Im Wanderparadies Nebaj

Fernab der üblichen Touristenrouten befindet sich im westlichen Hochland Guatemalas die Kleinstadt Nebaj. Wir kamen mit Chickenbussen vom Atitlán-See nach sechs Stunden am Busbahnhof an und freuten uns über das wunderbar kühle Wetter in 2.500 m Höhe.

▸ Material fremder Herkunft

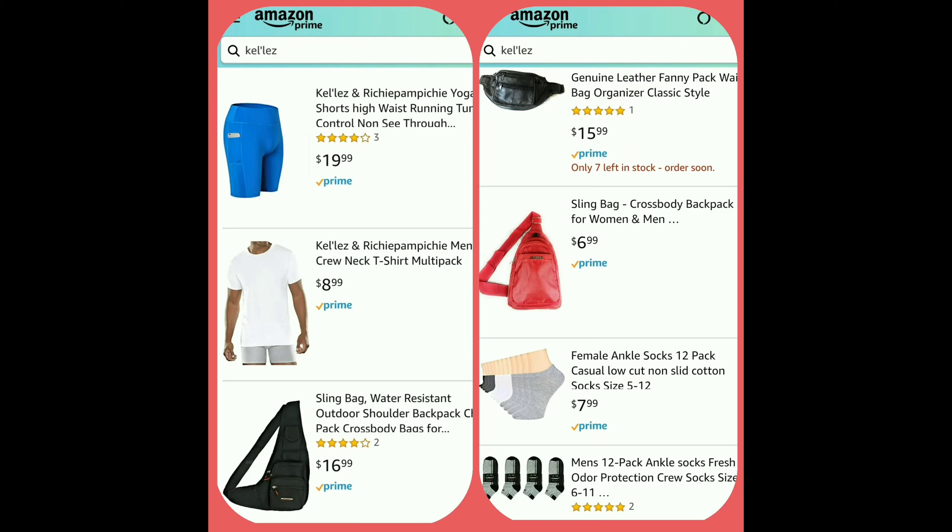Check out my brand on Amazon. The brand name is called Kelly's and Richie Pompeche. The link is in the description below.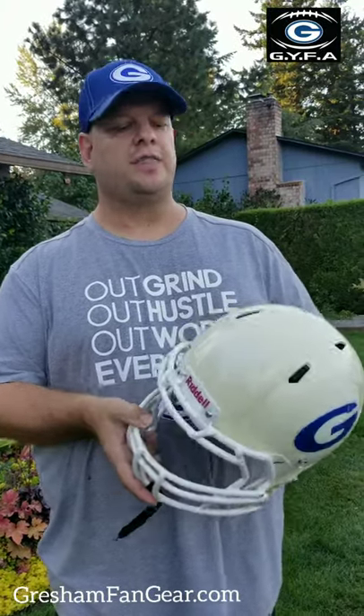Hey, Gopher Nation. This is Coach Scott, 7th grade offensive line coach, and I'm going to show you guys how to restore the yellowed helmet.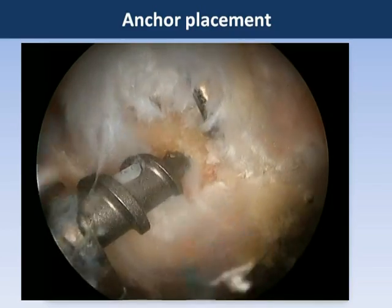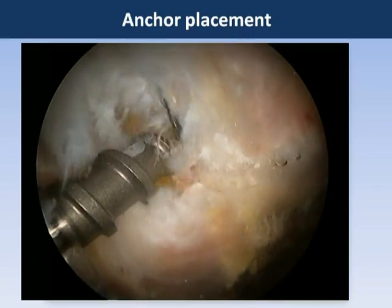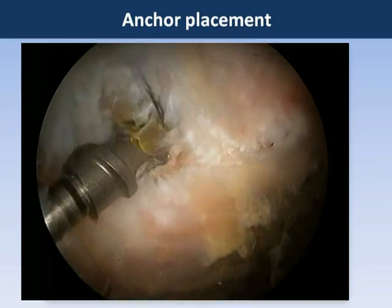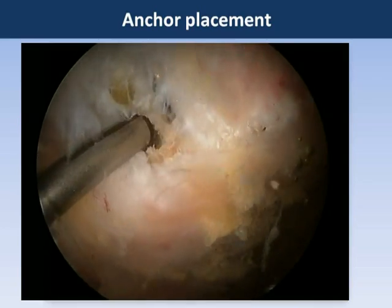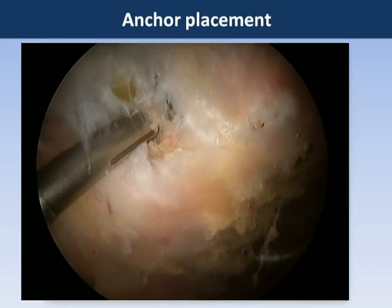The anchor will be placed into the lateral facet of the greater trochanter through the transtendinous split. This can be done under fluoroscopic guidance to ensure correct angle of anchor placement and that the anchor will be placed in good bone of the femur. Usually two anchors are placed — one in the more distal part of the lateral facet and one in the more proximal part — and these will be used for a side-to-side mattress repair.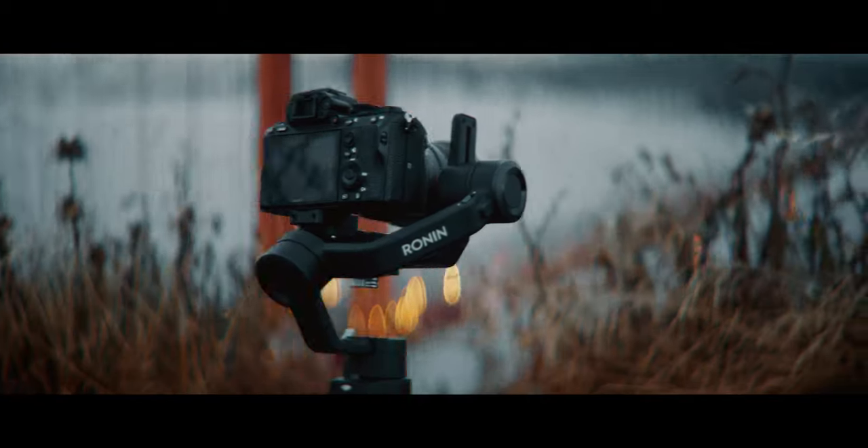I've got something really special — this is the brand new Ronin SC. It is the latest and greatest in DJI's lineup of gimbals. For the next couple of days I'm going to be putting this thing through its paces, testing out all my favorite features and giving you guys an inside look on how I'm shooting with it. So let's get to it.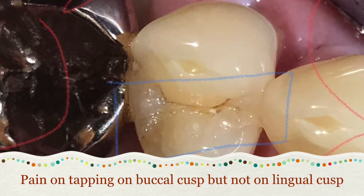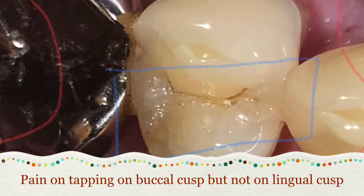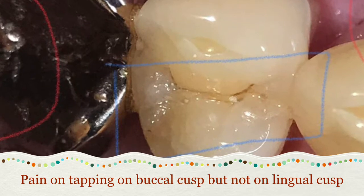Taking a closer view, you can now see there's a very tiny little crack right there.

Es dauerte nicht lange, bis Nebaj zu einem unserer Lieblingsorte wurde. Die Menschen waren sehr freundlich, überall gab es die traditionellen roten Röcke und bunten Blusen zu kaufen, mit denen die meisten Ixil-Frauen dort herumlaufen, auf dem zentralen Platz war immer etwas zu sehen: Fliegende Händler, die Werkzeuge und Tinkturen lautstark anpriesen, dutzende Jugendliche, die Ball oder fangen spielten, Männer und Frauen, die sich lebhaft miteinander unterhielten … immer hatten wir bestes Unterhaltungsprogramm.

Nachdem wir uns durch die halbe Stadt gefragt hatten, fanden wir im Mercado de Artesanías sogar noch eines der letzten Exemplare des phantastischen lokalen Wanderführers, von dem wir zufällig im Internet gelesen hatten. Zwar stammte dieser aus dem Jahr 2005, aber die Informationen waren noch einigermaßen aktuell, sodass wir uns schon bald auf die Socken machen konnten.

Auf alten Maultierpfaden wanderten wir tagelang viele Höhenmeter hoch und Kilometer weit in entlegene Dörfer, die zum Teil nicht einmal mit Straßen angebunden waren, zelteten auf grünen Weiden oder in wilder Karstlandschaft, wurden eine Attraktion für viele Kinder, die vom Anblick der „Gringos“ fasziniert waren oder sich über uns und unsere Rucksäcke lustig machten (aber sich trotzdem über Süßigkeiten freuen durften, die wir ihnen mitbrachten), kauften in kleinen Dorfkiosken ein, in denen es zwar Dreiliterflaschen Limonade, aber kein Trinkwasser gab, versuchten mit älteren Frauen zu kommunizieren, die Ixil und Quiché sprachen, aber kein Wort Spanisch verstanden und lernten eine Menge über die Geschichte dieser leidgeplagten Region Guatemalas, wo in den 80er Jahren des 20. Jahrhunderts der Bürgerkrieg am schlimmsten tobte. Dabei erfuhren wir auch einiges über die sehr unrühmliche Rolle der USA in dem Konflikt, deren Handeln im Jahr 1954 und danach entscheidend zur nachhaltigen Destabilisierung der ganzen Region und vieler anderer Länder Zentral- und Südamerikas beitrug.

Aus den geplanten wenigen Tagen wurden so zwei Wochen, die wir in der Region verbrachten und wir nahmen nur schweren Herzens von dem etwas chaotischen, aber liebenswerten Ort Abschied.